Aapeli Vuorinen

NIST weighs in on the blockchain

I stumbled on this somewhat interesting document this morning: earlier this month, the National Institute of Standards and Technology (NIST), published NISTIR 8202, Blockchain Technology Overview. It’s a relatively long and thorough overview of the basic technology supporting different types of blockchains, from cryptographic hashes, private and public keys, all the way to different consensus models, and smart contracts. However, as the document states in the introduction, it is not a technical guide.

If you don’t know much about how blockchain works but are kind of interested, it’s a useful read. I’d also recommend checking out my overview on blockchain if you’re interested in a bit more of a technical treatment.

One of the more amusing parts of the paper is Figure 6 from page 42:

A flowchart outlining recommended usage of blockchain technology.

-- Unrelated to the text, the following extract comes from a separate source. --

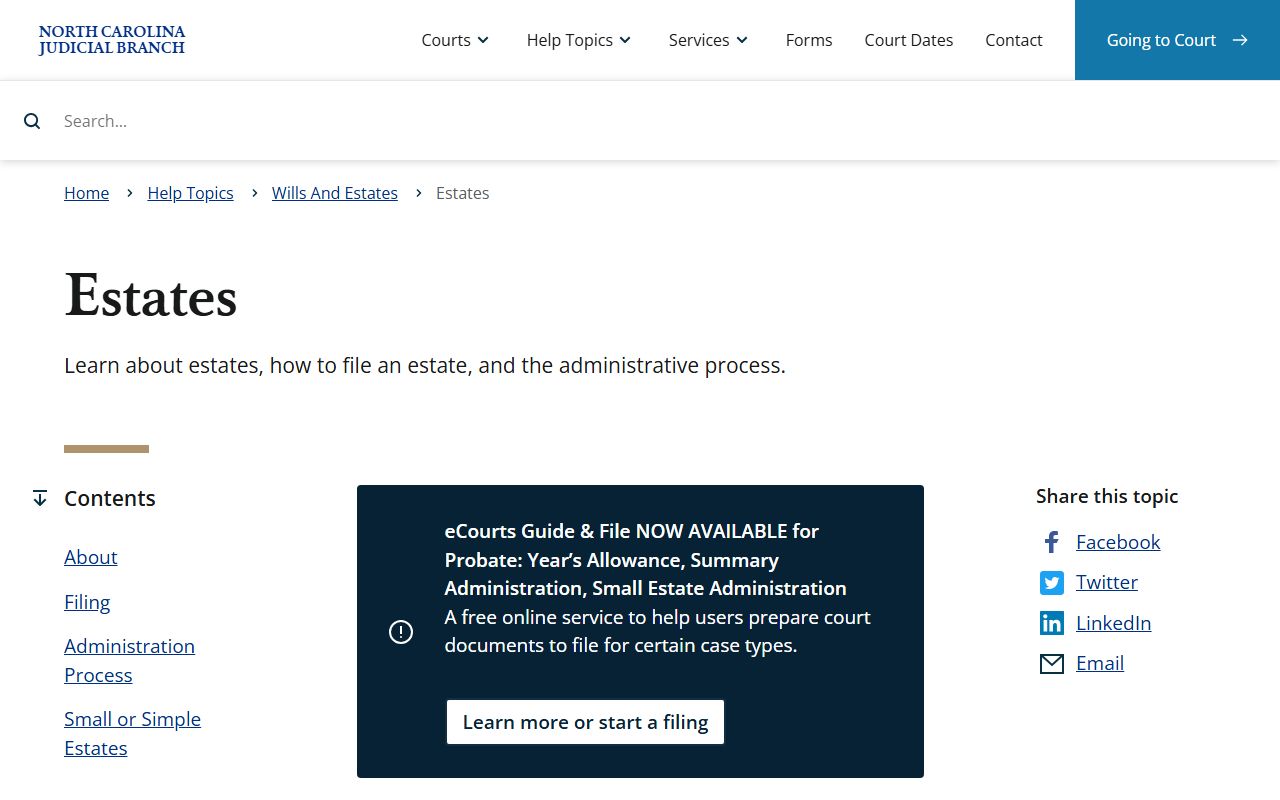 Franklin County probate records North Carolina estates page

Let me summarise it for you: you may have a useful Blockchain use case if: you need a shared, consistent data store; where more than one entity needs to contribute data; and that data, once written is never updated or deleted; and it’s also not sensitive nor contains any sensitive identifiers; and there’s trust or control issues over who should be in control of the data; and you want the datastore to be a tamperproof log of all writes. In all other cases, the NIST recommends using a database, possibly managed or encrypted; or then just email and spreasheets.

Update: Seems Bruce MacDonald from GitHub also found this amusing; and made this little interactive questionaire.